Interview tutors and ask to phone or meet their previous clients – and have trial lessons before committing. Spriggs says it takes six weeks to develop a plan for full-time tutoring, which, at GCSE level and higher, can include the use of multiple tutors to cover different subjects.
What’s the best age to get serious?
Titley and Spriggs agree that it works better the older kids get, as they develop wider social lives and groups of friends. “We wouldn’t go younger than 11 for full-time homeschooling beyond one academic year,” Spriggs says. “The social impacts are easier to manage in older age groups.”
For the same reason, Spriggs recommends not homeschooling for more than two years at any age. “If the family of an 11 year old came to us and wanted six years we’d probably say no because you can’t replicate that social environment,” he adds. Titley says most of her students are GCSE level and above.
What’s the experience like-for both parent and child?
As so many families are discovering, home education can add stresses to domestic life but Titley finds that, in normal circumstances, it can improve fractured relations between parents and children. “Some of these children have been bullied or suffered anxiety at school and relieving that pressure has helped massively at home, too,” she explains.
Spriggs says kids generally love the attention of a well-suited tutor and a departure from the lecturing model of traditional teaching. He and Titley try, as far as possible, to replicate the routines of school life to keep things familiar for parents and children, with parents evenings and reports, for example. “It’s important because ultimately that child may need to go back into mainstream education,” Spriggs says.
Where can I get the best kit
Families with the space to do it should create a classroom in the home to avoid clashing with domestic life at, say, the kitchen table. Some go to great lengths to do this, installing giant touchscreens, as well as whiteboards, skeletons, posters and globes.
Spriggs says Amazon is a boon for educational props while Titley recommends homeschooling subscription boxes. KiwiCo delivers monthly crates of creative projects to suit different ages and interest, while Mel Science sends regular kits for experiments.
What do the former child prodigies say now?
Ryan Gosling, the actor: Homeschooling gave me “a sense of autonomy that I’ve never really lost”.
Denise Miller-Jonas, mother of the Jonas Brothers: “I have learned so many wonderful things from homeschooling that I certainly would choose to do it this way all over again… it’s just a great way to live life and to educate your children and your family.”
How much does it cost?
Even if you’re not paying £24,000 a month for an emergency yacht tutor, in-home tutors don’t come cheap. You’ll struggle to get even a fresh-out-of uni teacher for less than £35 an hour.
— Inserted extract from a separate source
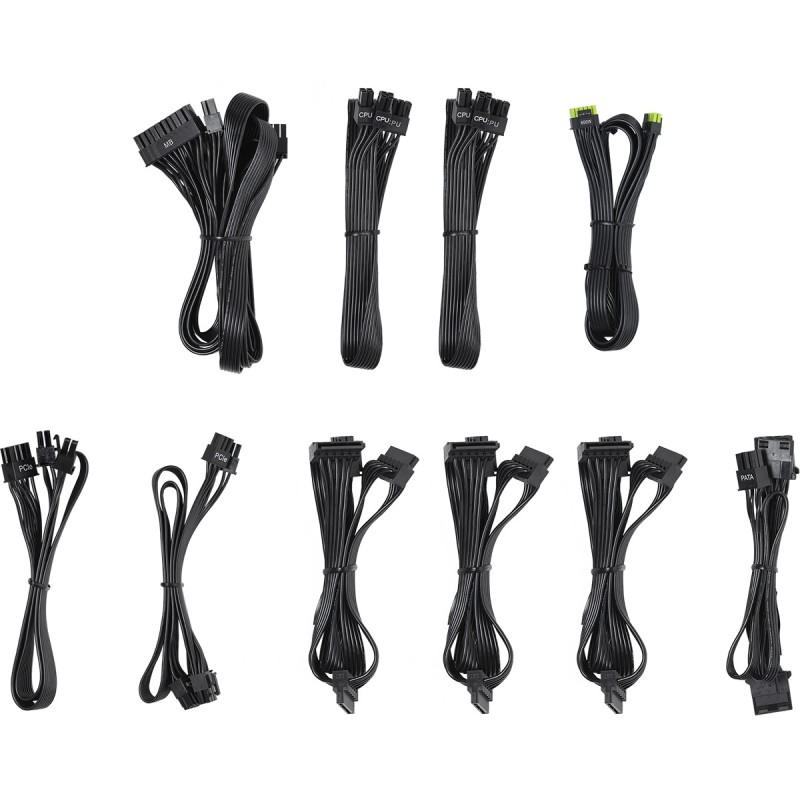 Buy 1000W ASRock Steel Legend SL-1000G - Black, ATX, 80+ Gold, Fully Modular PSU in Cyprus, Nicosia, Limassol, Larnaka, Pafos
For fully qualified tutors with experience and PGCE teacher training, expect to pay £65 an hour for younger students, rising to as much as £95 for top A-level tutors.
One advantage of homeschooling is shorter, more efficient days – typically made up of five hours. But if you consider there are 33 weeks in the academic year, you’re still looking at £50,000 a year as a minimum for a full-time top tutor, which is on a par with the most expensive private boarding schools.